It isn't that abuse is unusual in W. Africa but the reaction of the opressed wife is what is somewhat unusual. Even though she micarries several pregnancies through this man's heavy handed abuse, she covers for her husband and pretends it doesn't happen. Secrecy of this nature is not so common even within the more westernized suburban homes of the nouveaux riches of Africa. Or is it?

Chimamanda tells her story in the soft first person voice of fifteen year old Kambili, a nervous young girl, whose inner voice has been hushed until it is a mere whisper in the continuing noise of her father's superfluous devotion to the Catholic church, his conflicted love for his family and his strange and deviant ways of punishment. A visit to an aunt provides them with a new view of the twin cultures of contemporary and traditional Nigeria and releases them gradually from the silences they have kept inside the high walls of their father's house.

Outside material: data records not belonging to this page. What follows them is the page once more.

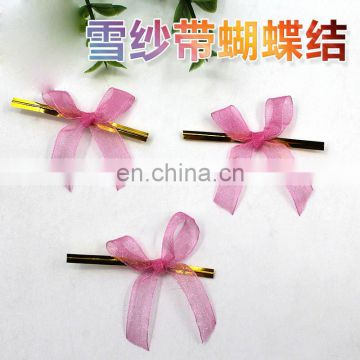 Organza Ribbon Bow with gold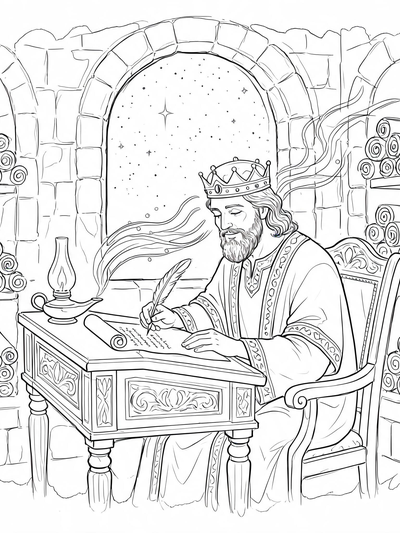 Preview of Solomon and Wisdom coloring page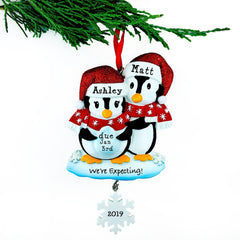We're Expecting Baby Penguin Couple Personalized Christmas Ornament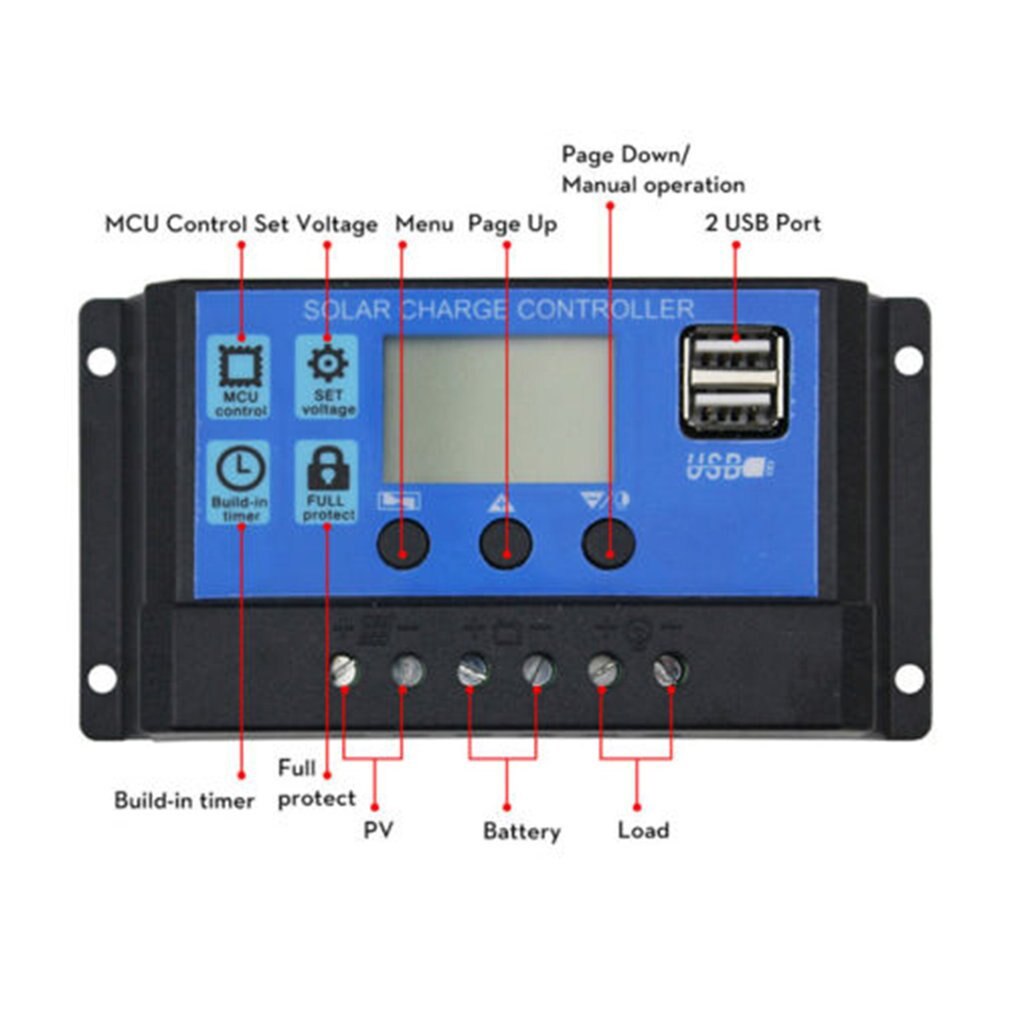 30A Solar- Laderegler HD LCD Anzeige Auto Arbeit Solar- Laderegler Dual USB Auto PWM Ausgang Solarzelle Tafel regler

This book sings of freedom and a coming of age. It adresses the nature of the issues of our lives which are never black and white, but all kinds of conflicted greys, which we encounter as we try to negotiate the often layered and intersecting paths of love for family, loyalty, choice, tradition and responsibilty. Chimamanda's prose is engaging. Her setting comes alive before my eyes, making me smell frangipanis in my fledgling North American garden. She is understated for an African, while the story flows out easily, compelling the reader to follow her closely throughout the journey of this family. She has achieved excellence on her first novel and promises more. Her second book, "Half of a Yellow Sun" is on my table waiting to be devoured.